Example No. 3: The Bruins. Say this about the B’s: They didn’t half-ass it. When they blew the Philly series, they went all out. This was a gigantic mega-disaster of the kind normally seen in Roland Emmerich movies. It was a choke job on a global scale.
And almost to a person, they took it rather well. They took the high road, expressed their disappointment, gave the Flyers credit for how well they played and, in general, handled the whole collapse with dignity and class. Which was exactly what the situation did NOT call for.
This was the ultimate punctuation mark on 38 years of utter futility for a once-proud franchise. The only appropriate response was angry, ranting, hysterical self-loathing spewing out of every member of the team like oil from the Louisiana seabed. And yet they weren’t even as upset as a fat hillbilly who lost on a reality show. I would’ve preferred to see them sitting on the bench like Wade Boggs in 1986 sobbing uncontrollably or Larry Bird in his Indiana State jersey hiding his shame under a towel.

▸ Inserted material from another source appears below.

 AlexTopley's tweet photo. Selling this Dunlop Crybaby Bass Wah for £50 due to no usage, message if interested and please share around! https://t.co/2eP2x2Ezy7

Or at the very least someone yelling “RatFARTS!!!” to the heavens rather than hear Milan Lucic quietly muttering something about “complacency.”

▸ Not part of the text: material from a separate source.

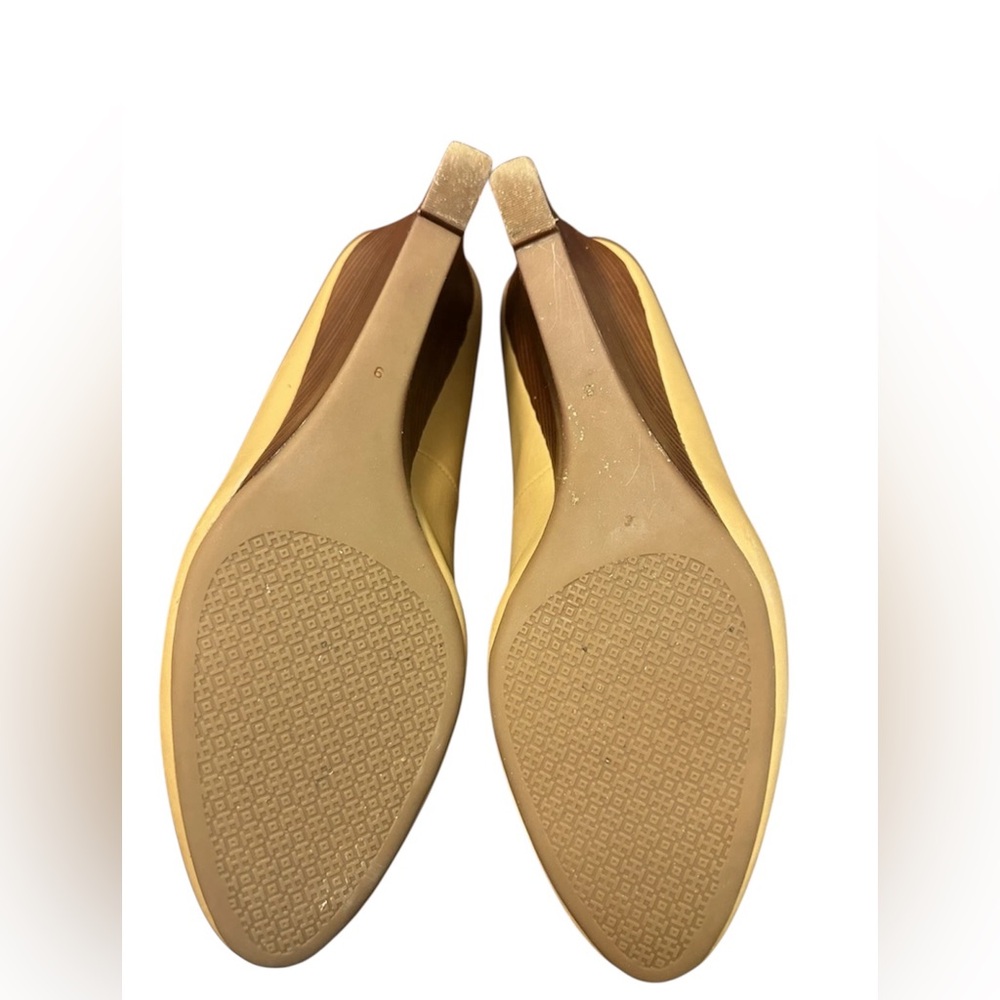 Tory Burch Tan Wedges Gold TT Emblem Size 9 - Picture 6 of 6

See, there’s a time for handling things with class and a calm demeanor, and this was definitely not it. Possibly my favorite all time Boston Loses story (that is, if I have one) involves the 1966-67 Celtics. They were coming off eight straight NBA championships but this year they lost in the Eastern finals to Wilt Chamberlain’s 76ers. The last time the Celts hadn’t won it all was 1958, when Bill Russell was out injured. So, including his pro, college and Olympic careers, Russell hadn’t walked off the court at the end of the season a loser since his sophomore year at the University of San Francisco.
So after the loss to Philly, the C’s sat at their lockers listening to the wild party going on in the locker room next door. And after a few minutes of silence Russell spoke up. “OK, fellas. Let’s go over and congratulate the winners.” Which they did, to incredulous looks of gratitude from the Sixers players.

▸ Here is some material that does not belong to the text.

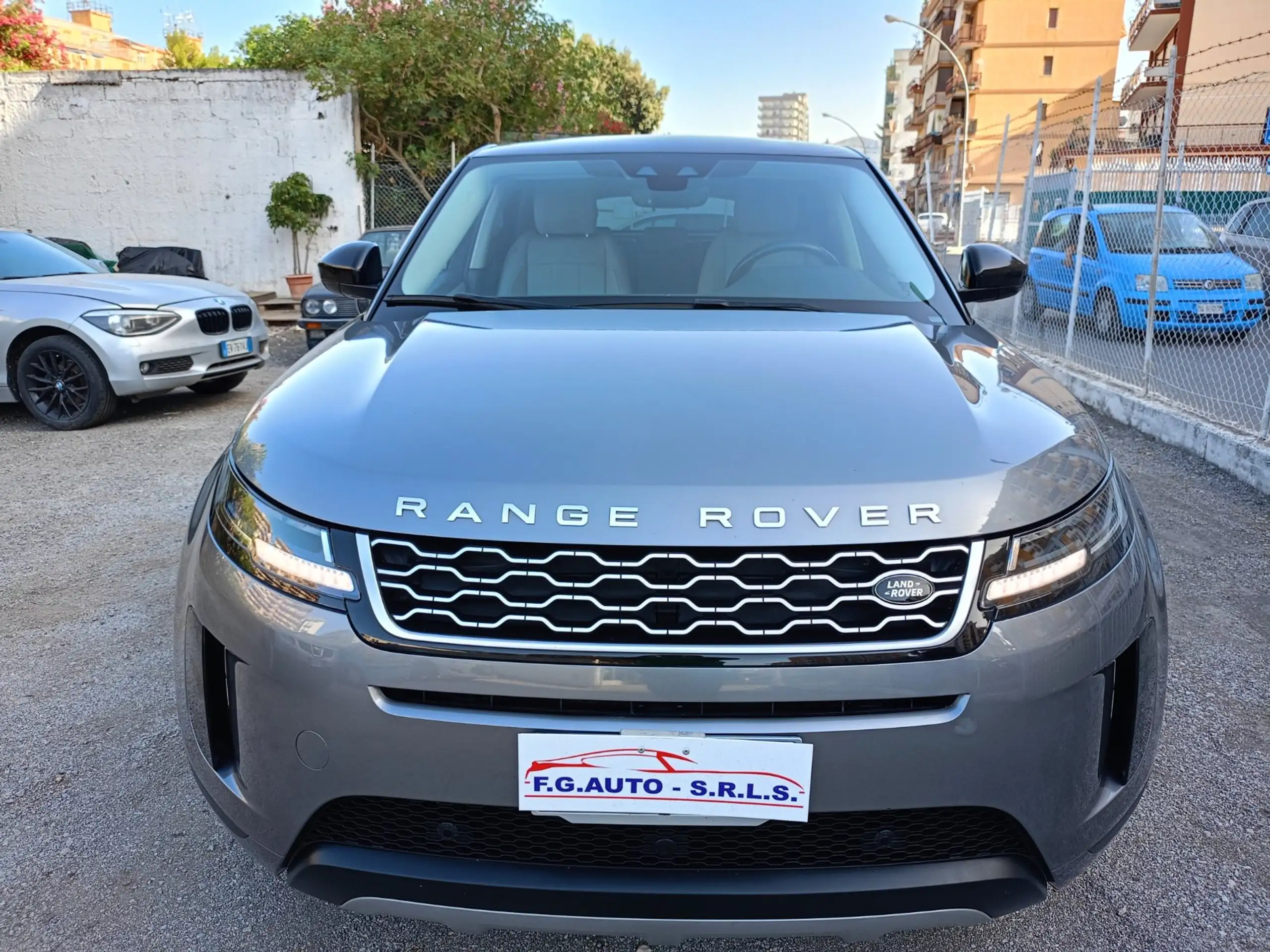 Land Rover - Range Rover Evoque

I love that story for one reason: because it demonstrates what losing AND winning are all about at the same time. The moral of the story is that the best team is the one that wins, period. Not who you think the better team is. Not who had a convenient excuse like a bad elbow or his unpopularity with his fellow castaways or complacency. It’s not about bad breaks or tough luck or bad calls. Your opinion doesn’t count. You determine who is best by playing the friggin' games and that’s it. In that series in ’67, Philadelphia was better and the Celtics were man enough to admit it. Just as the Patriots went from being the “Best Team in NFL History” to “The Second Best Team on the Field” in the span of a couple of minutes in the Super Bowl That Shall Remain Nameless. And if memory serves, they all admitted as such just as Russell’s Celtics had.
And that’s the difference between those two teams and the LeBrons, the Russells and the Bruins' Epic Choke team. They knew what it takes to win. And sometimes you have to be a champion to know how to lose.